Japan has a lot of mythical stories and legends that are still popular amongst people today. One of the most famous legends is about a boy called Momotaro, or “Peach Boy.” He is one of Japan’s earliest examples of a superhero in Japanese folklore.

Despite its popularity, the exact origin of the Momotaro story remains uncertain because it has been transmitted orally for centuries. Many scholars presume that the story of Momotaro has been around since at least the Muromachi Period (approximately 1336 to 1573). It first appeared in written works around the Edo period.

Okayama Prefecture heavily associates the story of Momotaro, although there is no official historical proof. This connection mainly stems from the mention of Onigashima, which sometimes links to Megijima Island, an island near Takamatsu in the Seto Inland Sea. Furthermore, Okayama’s fame for its delicious peaches makes them the primary symbol in the story.

The Story of the “Peach Boy”

The legend has varied over the centuries, but most elements have remained the same. It begins with an elderly childless couple living in the mountains. The older man goes out daily to chop wood, whereas his wife goes to a river to wash clothes. One day as the woman was washing clothes in the river, she discovered a giant peach floating down the river.

A basket of pink Japanese peaches.
Peaches are a major motif with the legend. Image via Shutterstock

Surprised at the size, the woman brings the giant peach home to show her husband. The older man was getting ready to eat it when suddenly, a little boy came out of the peach. Seeing him, they decided to call him “Momotaro,” Momo meaning peach and Taro meaning boy. The elderly couple decided to raise Momotaro as their son. 

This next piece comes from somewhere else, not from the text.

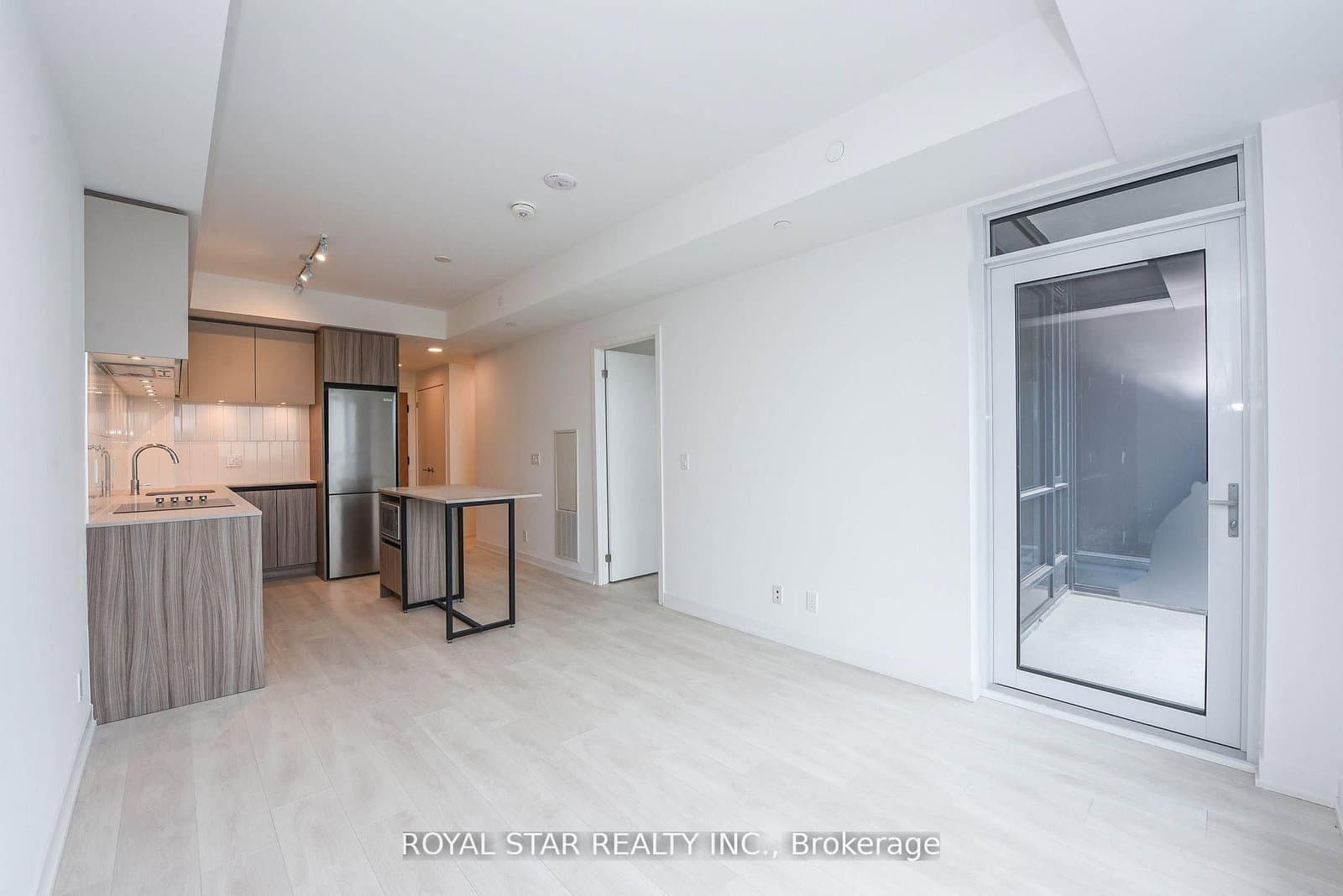 7950 Bathurst Street, Unit 1207 thumbnail 11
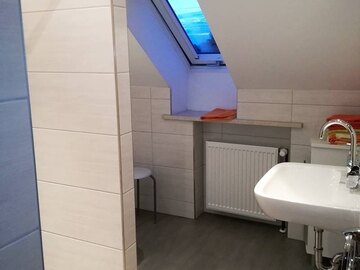 Modernes Badezimmer in unserer Dachgeschosswohnung / Ferienwohnung 3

What happened to Momotaro as he got older?

Momotaro grew up to be very strong and brave. One day news came about that some oni (demons) were creating havoc. Momotaro heard the news and decided it was his destiny to fight the Oni. To prepare for the journey, the older woman gave Momotaro some millet dumplings, referred to in Japanese as kibi dango. Along the way to the Oni, he met some companions, a monkey, a dog, and a pheasant, and shared the kibi dango with them. 

After receiving Momotaro’s kindness, the animals made an agreement to accompany him to Onigashima Island. According to the legend, Oni resided there and would cause further chaos if not stopped. Upon arrival, they discovered the locked door at the Oni’s dwelling. At that moment, the pheasant aided them by flying over the wall and enabling the others to enter.

A painting of Momotaro with his monkey and dog allies.
Momotaro went to Oni Island with only a monkey and a dog as his best allies. Image via Shutterstock

While Momotaro engaged in battle with the Oni, the other animals actively participated by pecking, scratching, and biting them. Eventually, the Oni surrendered and gave Momotaro and his friends all their treasures. After that, Momotaro and his friends returned to their village and lived happily ever after with much treasure. 

Other versions of the story say that the peaches had mysterious powers and that if you ate them, you could get healed. So when the elderly pair tried to eat the peach, they became younger. Instead of Momotaro coming out of the peach, he arrived through the woman – her pregnancy went on for three years!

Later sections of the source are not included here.